/evac-eval

Evaluation of bushfire evacuation simulation models

Primary LanguagePython

Evaluating bushfire evacuation models

The purpose of this work is to evaluate different bushfire evacuation models against a set of common community evacuation scenarios. The intent is to keep the inputs to the models the same--or as similar as possible--noting that different models will consume potentially different inputs and formats, run the models on those inputs, and compare the outputs in terms of commonalities and differences.

Models

The models to be evaluated are:

Build

For convenience binary builds of the models are provided in the ./bin directory.

These were built using the instructions below:

  • EES is a Java application and complete build instructions (unix) are in the project's continuous integration Travis script.
  • GSSEM is a CPP application and build instructions are available for Linux, macOS, and Windows.

Scenarios

Castlemaine region evacuation

This scenario is available in scenarios/mount-alexander-shire/castlemaine-region.

In this scenario, which is based on the EES castlemaine-region-archetypes scenario, the resident population of Castlemaine region (technically the 2016 Australian census population in statistical areas Castlemaine SA2 and Castlemaine Region SA2) is evacuated in response to a Catastrophic (Code Red) fire to the northwest of Maldon.

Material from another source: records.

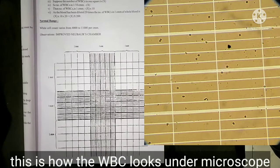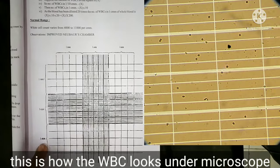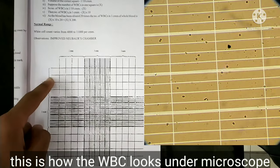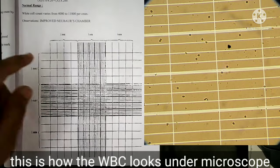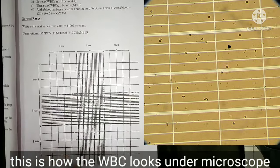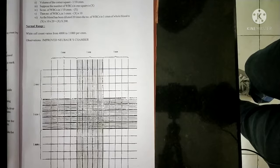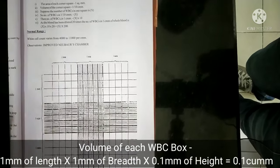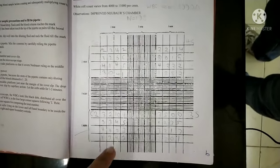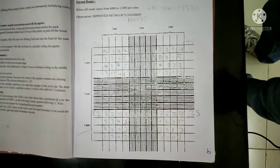This is the diagram for the Neubauer chamber. Here, here, here, and here we count the white blood cells. Start from one corner, and however many white blood cells you see in the microscope, record the count, then complete the whole chamber. The dimensions of the Neubauer chamber are 1 mm length, 1 mm breadth, and 0.1 mm height, so the total volume comes to 0.1 mm³. This is the completed Neubauer chamber diagram, with each square having some number of white blood cells as seen in the microscope.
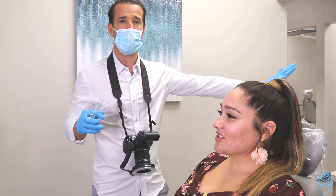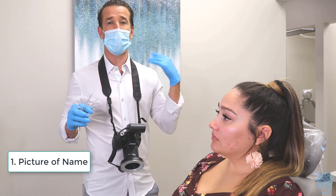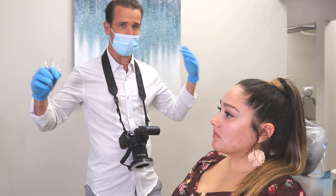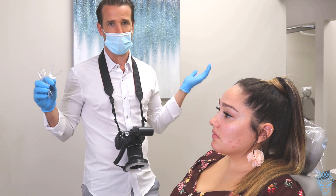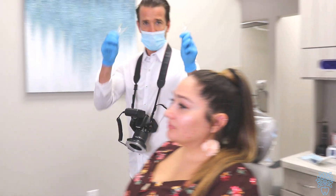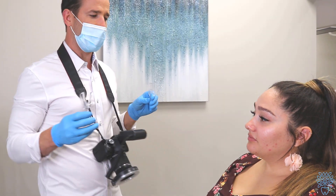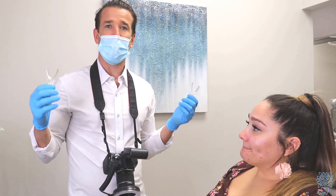If she were a patient, step number one is to take a picture of their name first, because we're going to have a lot of patients and things get mixed up. If you take a picture of their name first, everything is more organized. Click, click — take a picture of their name, and then you start using the retractors.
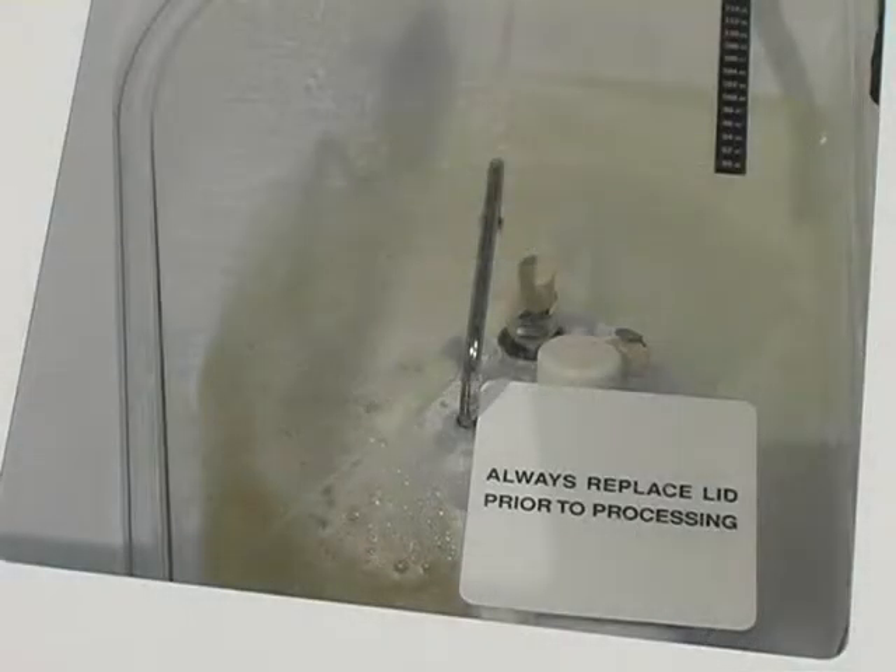An automated alcohol purge facilitates channel drying and prevents bacterial growth. This video program supplements but does not replace the information provided in the DSD-201 user manual, which came with your endoscope reprocessor. The program is divided into ten sections for easy review.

Details of the original scenario including a video of the simulation run are available here.

Converting EES inputs to GSSEM

This can now be done completely using the geostack library (python binding). To get started, ensure that you have a functional geostack environment in conda as per the instructions here.

Then, from the command line (unix-based, or in the windows linux subsystem), from the current directory do:

rm -rf data && python ees2sem.py

This will download the Castlemaine Region EES scenario files into a new temporary directory ./data/abm and then convert them all to gssem compatible inputs in ./data/sem. The output looks something like below in QGIS:

Example converted inputs

The script ees2sem.py is portable. It can be copied to any functional geostack python environment and should just work out of the box.